- [ABOUT THIS EXERCISE]:
From the entries below, give the number of lines where the word "Used" occurs, and nothing else.
======== THE RECORDS
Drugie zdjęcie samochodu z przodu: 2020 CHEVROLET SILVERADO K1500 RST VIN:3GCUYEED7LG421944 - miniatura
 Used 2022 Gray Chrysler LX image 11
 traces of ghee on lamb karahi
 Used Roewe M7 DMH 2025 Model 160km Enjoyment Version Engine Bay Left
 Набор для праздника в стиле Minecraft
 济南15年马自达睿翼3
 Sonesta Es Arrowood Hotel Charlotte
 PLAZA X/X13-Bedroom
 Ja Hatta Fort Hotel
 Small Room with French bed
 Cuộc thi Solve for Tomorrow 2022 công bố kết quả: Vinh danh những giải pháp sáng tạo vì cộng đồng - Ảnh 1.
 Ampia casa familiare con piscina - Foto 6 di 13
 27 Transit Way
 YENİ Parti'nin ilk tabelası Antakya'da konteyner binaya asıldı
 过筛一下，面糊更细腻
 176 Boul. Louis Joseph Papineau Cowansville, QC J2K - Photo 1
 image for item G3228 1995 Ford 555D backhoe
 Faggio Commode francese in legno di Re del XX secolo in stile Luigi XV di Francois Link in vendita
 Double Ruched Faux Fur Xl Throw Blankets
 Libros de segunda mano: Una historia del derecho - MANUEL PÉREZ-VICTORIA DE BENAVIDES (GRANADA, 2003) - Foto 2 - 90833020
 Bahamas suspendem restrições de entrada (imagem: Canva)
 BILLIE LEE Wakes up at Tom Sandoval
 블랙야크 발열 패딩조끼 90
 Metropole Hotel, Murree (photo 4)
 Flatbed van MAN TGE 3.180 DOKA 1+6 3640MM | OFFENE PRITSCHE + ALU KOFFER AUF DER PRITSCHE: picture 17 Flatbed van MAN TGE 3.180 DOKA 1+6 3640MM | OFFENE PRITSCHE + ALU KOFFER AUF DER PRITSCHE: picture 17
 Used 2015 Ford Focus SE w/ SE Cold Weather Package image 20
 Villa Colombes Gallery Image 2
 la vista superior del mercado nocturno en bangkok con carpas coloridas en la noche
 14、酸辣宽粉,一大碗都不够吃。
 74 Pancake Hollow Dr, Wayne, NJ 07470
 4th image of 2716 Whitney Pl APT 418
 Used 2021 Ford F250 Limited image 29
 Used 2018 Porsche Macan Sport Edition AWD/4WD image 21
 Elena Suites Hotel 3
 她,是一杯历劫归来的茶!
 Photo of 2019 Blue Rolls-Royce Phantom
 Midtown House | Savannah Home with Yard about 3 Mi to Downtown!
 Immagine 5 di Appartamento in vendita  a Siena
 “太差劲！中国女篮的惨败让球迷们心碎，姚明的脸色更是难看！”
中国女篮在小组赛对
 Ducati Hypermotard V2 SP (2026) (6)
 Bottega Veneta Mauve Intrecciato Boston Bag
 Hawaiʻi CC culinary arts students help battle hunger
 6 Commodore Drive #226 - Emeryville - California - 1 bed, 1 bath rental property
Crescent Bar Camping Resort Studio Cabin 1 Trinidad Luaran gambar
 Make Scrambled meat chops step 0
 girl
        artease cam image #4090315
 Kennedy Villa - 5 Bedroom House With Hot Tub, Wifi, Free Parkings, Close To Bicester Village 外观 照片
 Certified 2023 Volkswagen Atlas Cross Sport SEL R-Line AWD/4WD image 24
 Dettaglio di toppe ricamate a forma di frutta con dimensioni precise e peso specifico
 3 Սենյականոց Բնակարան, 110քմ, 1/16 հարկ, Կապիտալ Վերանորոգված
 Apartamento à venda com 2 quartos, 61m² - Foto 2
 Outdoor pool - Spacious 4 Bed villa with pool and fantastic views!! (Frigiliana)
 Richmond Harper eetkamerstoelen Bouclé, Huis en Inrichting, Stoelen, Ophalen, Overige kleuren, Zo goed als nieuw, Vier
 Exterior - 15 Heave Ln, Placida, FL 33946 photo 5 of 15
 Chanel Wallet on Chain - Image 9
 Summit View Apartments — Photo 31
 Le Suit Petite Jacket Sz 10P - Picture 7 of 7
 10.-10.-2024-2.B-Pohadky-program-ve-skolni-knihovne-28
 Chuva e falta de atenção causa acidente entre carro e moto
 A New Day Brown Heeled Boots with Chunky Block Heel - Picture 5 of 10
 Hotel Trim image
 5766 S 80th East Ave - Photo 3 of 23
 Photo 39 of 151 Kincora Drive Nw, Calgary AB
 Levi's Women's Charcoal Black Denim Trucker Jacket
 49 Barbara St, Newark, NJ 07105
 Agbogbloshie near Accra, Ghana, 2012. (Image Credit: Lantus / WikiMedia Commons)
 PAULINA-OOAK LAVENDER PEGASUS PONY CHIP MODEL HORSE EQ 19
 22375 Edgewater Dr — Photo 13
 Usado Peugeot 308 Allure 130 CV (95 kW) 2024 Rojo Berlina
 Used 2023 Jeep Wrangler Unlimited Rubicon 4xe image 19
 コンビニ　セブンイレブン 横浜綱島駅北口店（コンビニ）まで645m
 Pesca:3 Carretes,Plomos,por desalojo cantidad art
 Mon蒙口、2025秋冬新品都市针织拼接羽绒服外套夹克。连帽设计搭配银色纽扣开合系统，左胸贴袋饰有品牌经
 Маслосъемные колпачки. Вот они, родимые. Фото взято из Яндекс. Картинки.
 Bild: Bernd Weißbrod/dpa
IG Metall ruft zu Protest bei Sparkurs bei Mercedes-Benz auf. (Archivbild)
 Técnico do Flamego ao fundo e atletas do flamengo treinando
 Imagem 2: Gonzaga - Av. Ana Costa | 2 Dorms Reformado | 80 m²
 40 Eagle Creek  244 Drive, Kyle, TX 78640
================
- [TASK OUTPUT]:
6